Hi Elessar, like you I am a big time follower of this page for many years, but haven't really responded to or posted many things here. I found myslef in a very similar position to you not long ago so I thought I would share my personal experience and upgrade path.
I had a Phenom II, a Sabertooth motherboard and an older GPU. Now you have a newer nice GPU, so you don't have to upgrade yours like I did, but if you have a good motherboard I would suggest upgrading to the FX 8370, that is what I did and I love it. I bought mine at Micro Center for well under $200 and it would be the only upgrade you would have to do (maybe a bios update for you MB).

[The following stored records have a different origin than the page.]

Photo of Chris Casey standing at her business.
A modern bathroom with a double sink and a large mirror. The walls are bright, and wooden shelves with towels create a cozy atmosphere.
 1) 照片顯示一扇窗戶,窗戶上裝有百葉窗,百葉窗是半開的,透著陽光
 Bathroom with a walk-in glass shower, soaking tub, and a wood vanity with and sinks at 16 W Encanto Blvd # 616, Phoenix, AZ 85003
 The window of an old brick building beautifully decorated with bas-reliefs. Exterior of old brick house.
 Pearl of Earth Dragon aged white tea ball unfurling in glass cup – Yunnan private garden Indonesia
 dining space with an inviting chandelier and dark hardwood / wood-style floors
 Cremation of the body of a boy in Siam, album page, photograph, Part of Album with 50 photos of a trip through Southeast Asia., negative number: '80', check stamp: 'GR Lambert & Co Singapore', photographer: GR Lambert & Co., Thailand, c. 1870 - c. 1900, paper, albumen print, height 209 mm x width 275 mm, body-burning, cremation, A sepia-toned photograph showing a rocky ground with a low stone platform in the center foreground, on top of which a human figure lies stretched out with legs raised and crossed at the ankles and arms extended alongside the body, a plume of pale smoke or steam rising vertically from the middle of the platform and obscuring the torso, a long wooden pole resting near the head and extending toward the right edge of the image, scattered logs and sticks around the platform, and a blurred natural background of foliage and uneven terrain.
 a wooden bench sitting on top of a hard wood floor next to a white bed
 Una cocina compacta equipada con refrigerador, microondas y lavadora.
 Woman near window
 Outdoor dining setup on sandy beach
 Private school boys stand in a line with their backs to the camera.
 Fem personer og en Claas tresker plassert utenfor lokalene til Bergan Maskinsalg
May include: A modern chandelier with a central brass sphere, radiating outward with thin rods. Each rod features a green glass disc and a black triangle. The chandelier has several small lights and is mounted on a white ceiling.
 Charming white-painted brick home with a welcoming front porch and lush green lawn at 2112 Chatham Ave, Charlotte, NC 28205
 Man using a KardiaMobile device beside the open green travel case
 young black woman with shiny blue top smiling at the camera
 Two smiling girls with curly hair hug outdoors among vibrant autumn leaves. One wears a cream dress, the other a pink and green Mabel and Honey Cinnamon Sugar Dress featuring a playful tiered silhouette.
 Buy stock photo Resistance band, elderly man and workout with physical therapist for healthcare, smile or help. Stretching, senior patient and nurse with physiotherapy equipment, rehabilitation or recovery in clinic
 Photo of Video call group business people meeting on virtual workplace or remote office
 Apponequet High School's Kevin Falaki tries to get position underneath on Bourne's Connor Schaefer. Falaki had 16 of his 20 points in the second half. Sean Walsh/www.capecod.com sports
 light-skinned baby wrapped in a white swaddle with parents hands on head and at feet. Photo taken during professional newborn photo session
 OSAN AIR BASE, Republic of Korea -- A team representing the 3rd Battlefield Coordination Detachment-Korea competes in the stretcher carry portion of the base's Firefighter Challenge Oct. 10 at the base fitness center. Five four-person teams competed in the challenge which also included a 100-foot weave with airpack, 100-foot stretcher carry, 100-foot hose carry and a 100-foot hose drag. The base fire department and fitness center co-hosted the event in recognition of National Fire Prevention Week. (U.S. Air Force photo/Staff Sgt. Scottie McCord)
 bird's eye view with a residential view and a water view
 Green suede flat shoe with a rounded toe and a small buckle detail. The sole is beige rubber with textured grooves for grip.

I know there is going to be many a person suggesting to go to Intel, but for your budget your going to be getting bottom of the barrel cheap MB and probably an older i5 or an i3, if your lucky. With a bottom of the barrel Intel MB your not going to get a very good overclock and may cut the overall performance of you system. I've seen guys with high end i7 rigs that cheaped out on power supply, mother board, ram, and GPU and wonder why I'm getting better gaming experience on my rig (being AMD). Yes, Intel will out game AMD on most older games but only if its got the supporting hardware to do so. By the way every game that I've played since Witcher 3 has my rig and my best friend (who has an i5 Haswell rig and 980 GPU) at nearly the same FPS. I play Crysis 3 at the highest settings with my FX 8370 and Sapphire R9 290 overclocked (the rough equal to the GTX 960/970) never had a stuttering problem in game. I also max out Witcher 3 and Total War Attila. Not really playing much other games right now to tell you how they do, but I'm quite confident with my rig.
One last thing, a lot of people will say there is no difference in gaming between the FX 6300, FX 8350 and FX 8370, but looking towards the future that won't be the case. DX12 games will allow all 8 cores of an FX to communicate with your GPU so FX 8350 will outperform the FX 6300 in future games. The FX 8350 is a lower binned processor than the FX 8370 so you can overclock FX 8370 to the performance levels of the 9590 much easier at lower voltage, lower heat. The FX 8370 has also been tweaked so that it uses less voltage than the 8350 (at stock and overclocked) and has slightly better performance. With your budget at $200 and not needing a new GPU I would jump on the FX 8370. Realistically an FX 8370 and GTX 960 4GB will keep you gaming through the lifespan of the Xbox One and PS4 as games are typically "held back" so that console systems can play them (more console gamers than PC gamers). A gaming rig with FX 8370 and GTX 960 4GB is vastly more powerful than a PS4.